Work item ▸
Pictures aside, the output must consist of the lines from the one containing "Women's Double Breasted" through the end of the data, reproduced exactly.

:: Exercise data

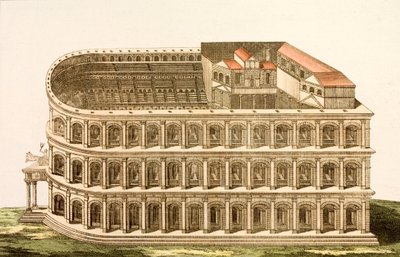 Oud Romeins theater van Marcellus, gebouwd in de late 1e eeuw v.Chr. door European School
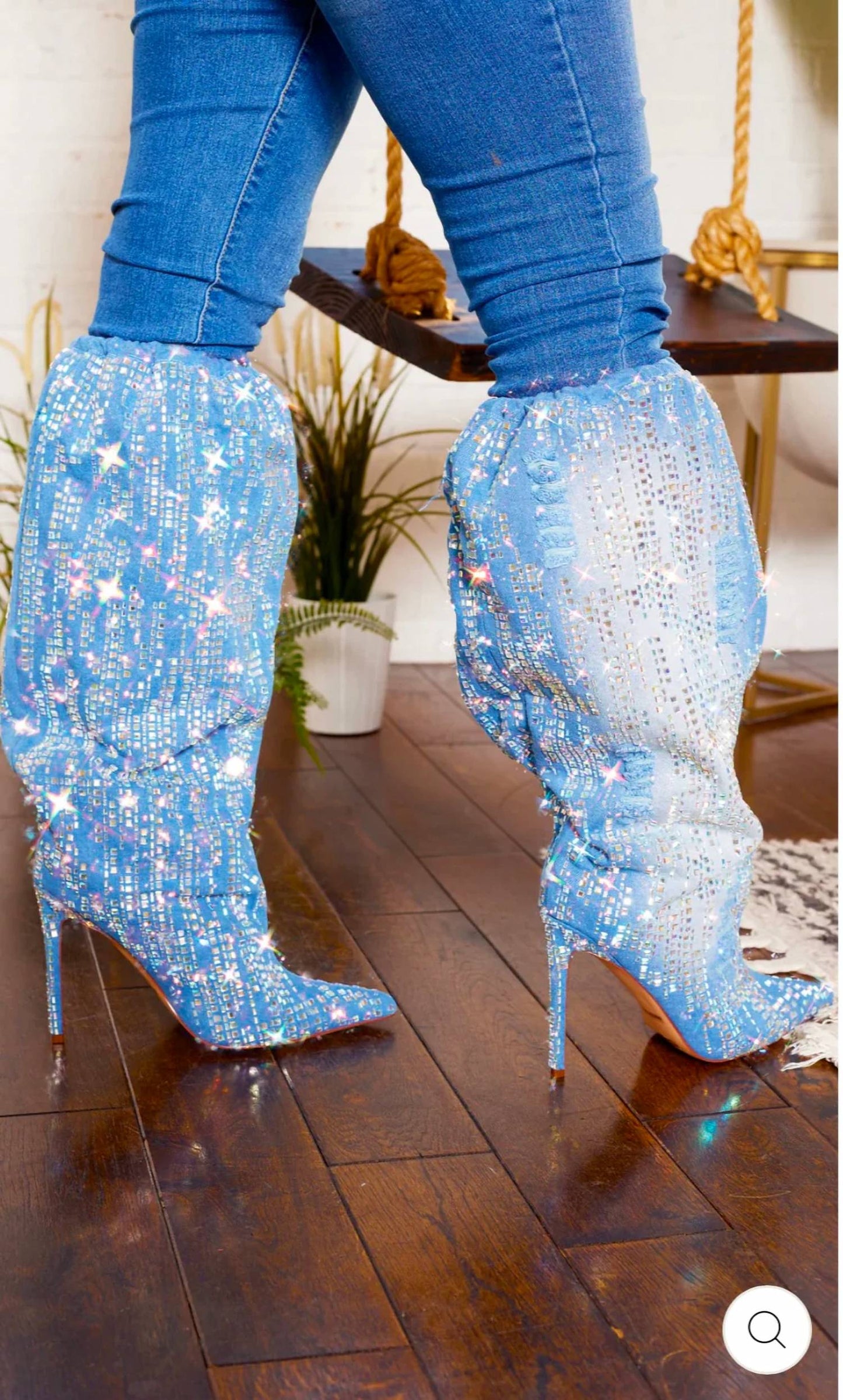 Women's Abstract Bling Point Toe Boots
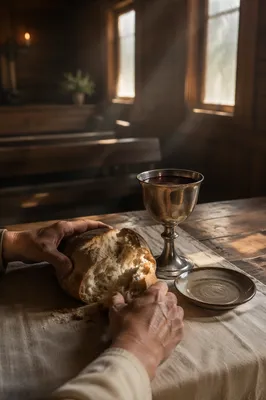 Reverent Communion Table with Bread and Chalice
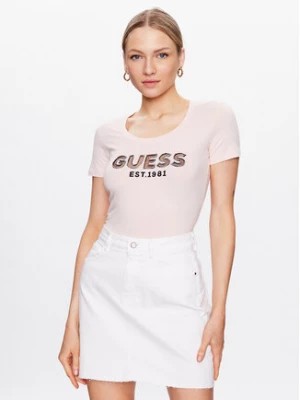 Zdjęcie produktu Guess T-Shirt Mesh Logo W3GI35 J1300 Różowy Slim Fit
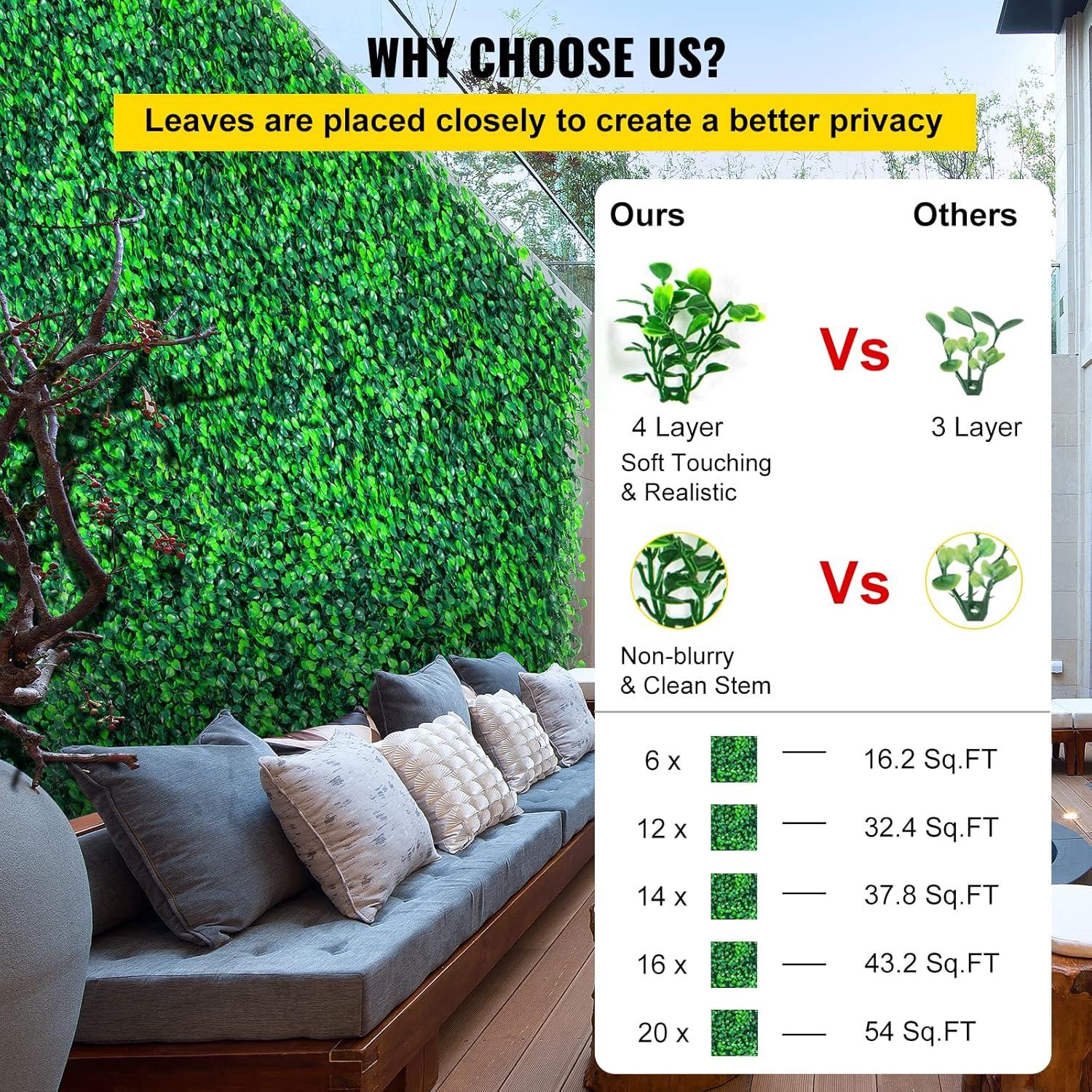 Green Artificial Boxwood Hedge Panels with Lights, 20" x 20"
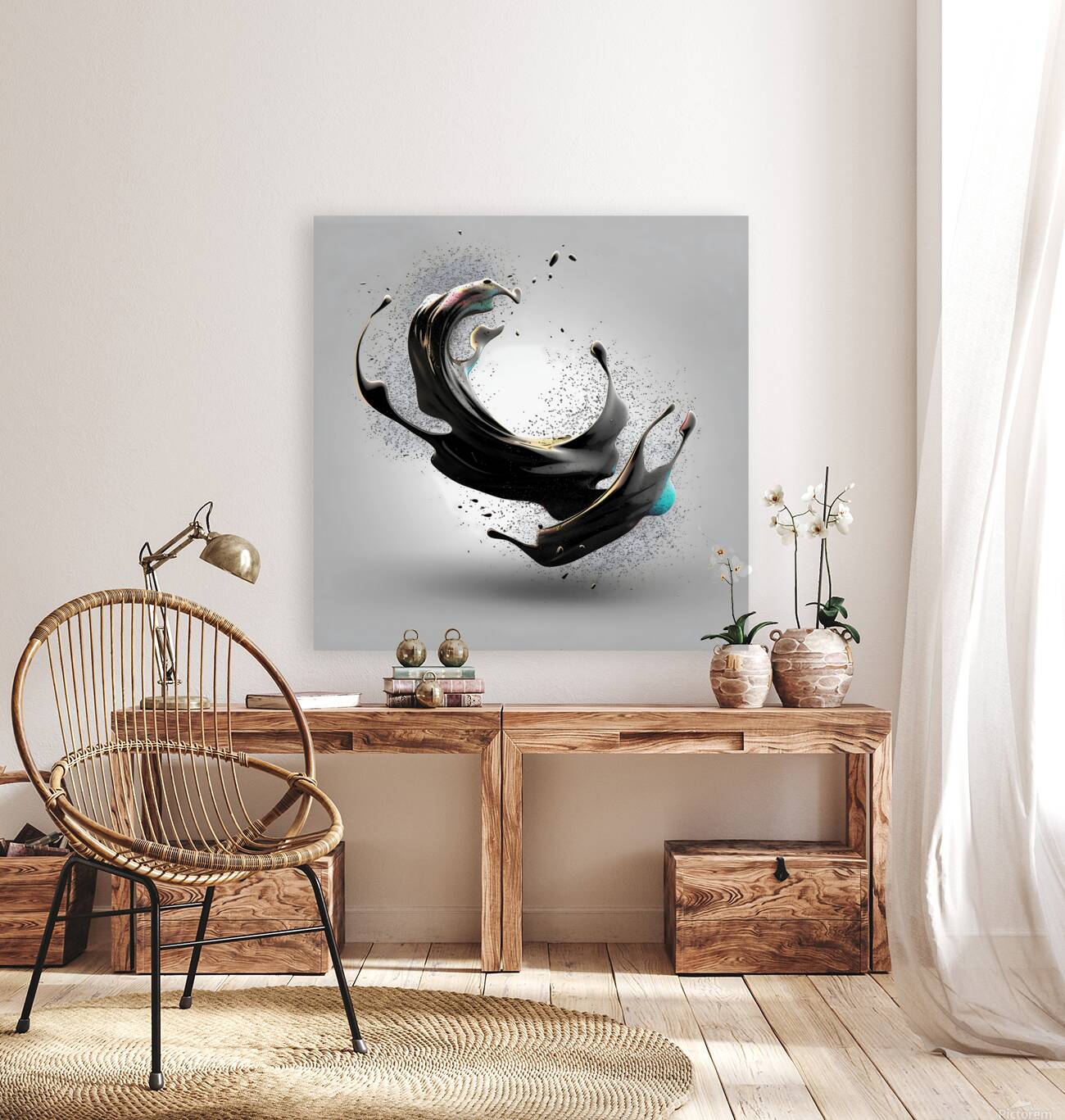 Orbiting Ink – Fluid Monochrome Motion Print Reproduction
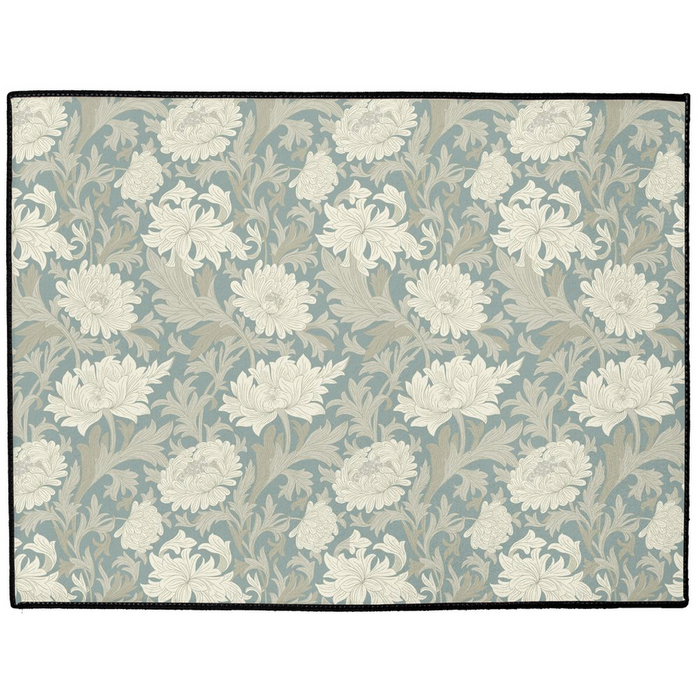 Chrysanthemum Indoor/Outdoor Floor Mat William Morris Misty Gray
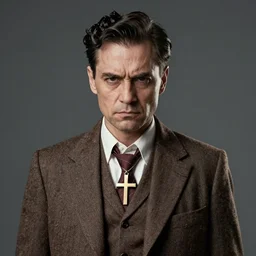 Professional portrait of a man in his 40s with a stern look dressed in a 1930s attire and with a cross around his neck. He seems mentally unstable. 4K, studio lighting.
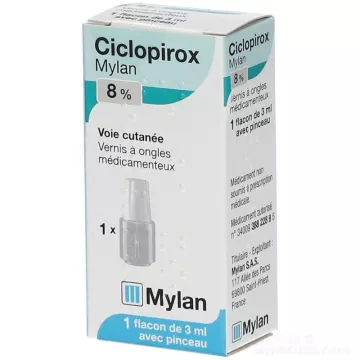Ciclopirox 8% Viatris Mylan vernis à ongles médicamenteux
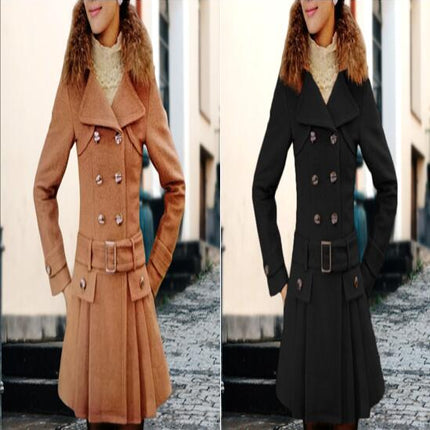 Women's Double Breasted Coat Winter Thick Mid-Long Overcoat Jacket with Belt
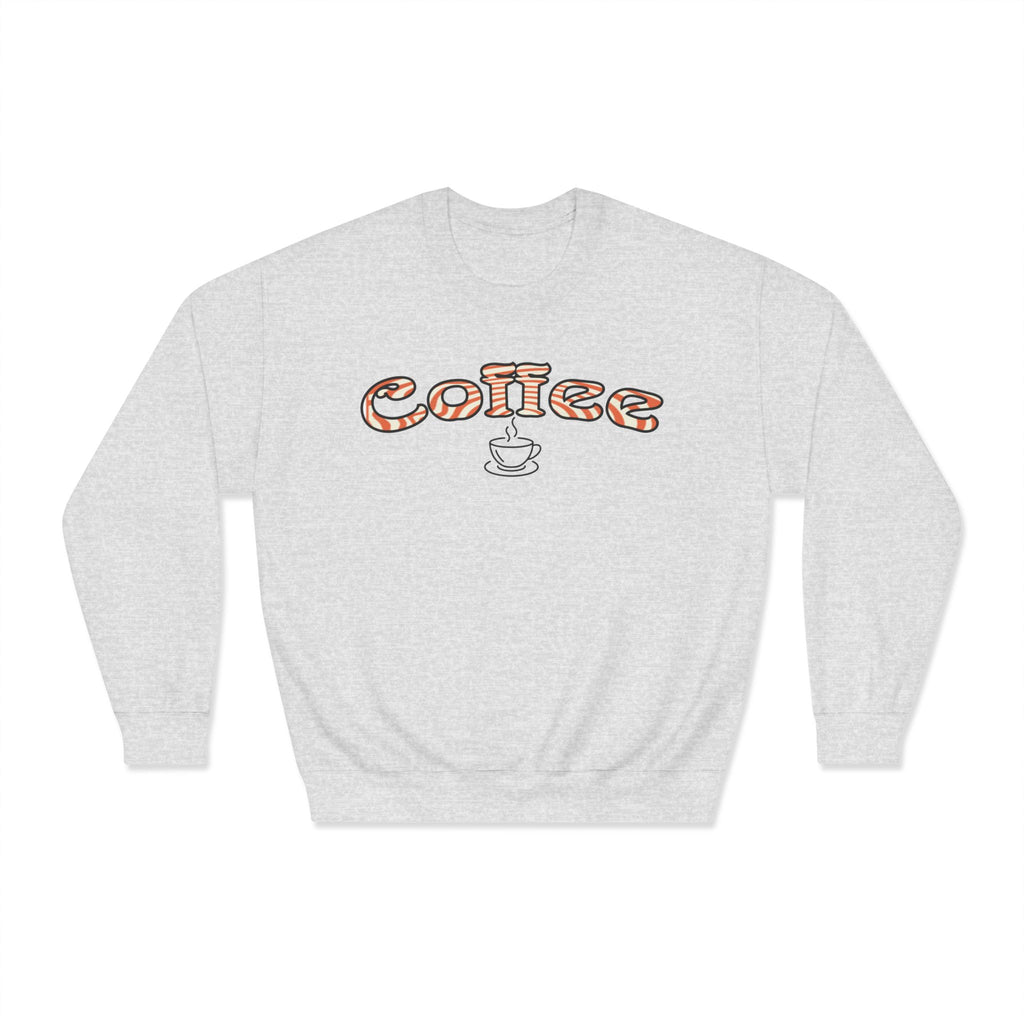 Coffee Crewneck Sweatshirt — Retro Coffee Text & Cup Graphic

::::

Answer below ▸
 Women's Double Breasted Coat Winter Thick Mid-Long Overcoat Jacket with Belt
 Coffee Crewneck Sweatshirt — Retro Coffee Text & Cup Graphic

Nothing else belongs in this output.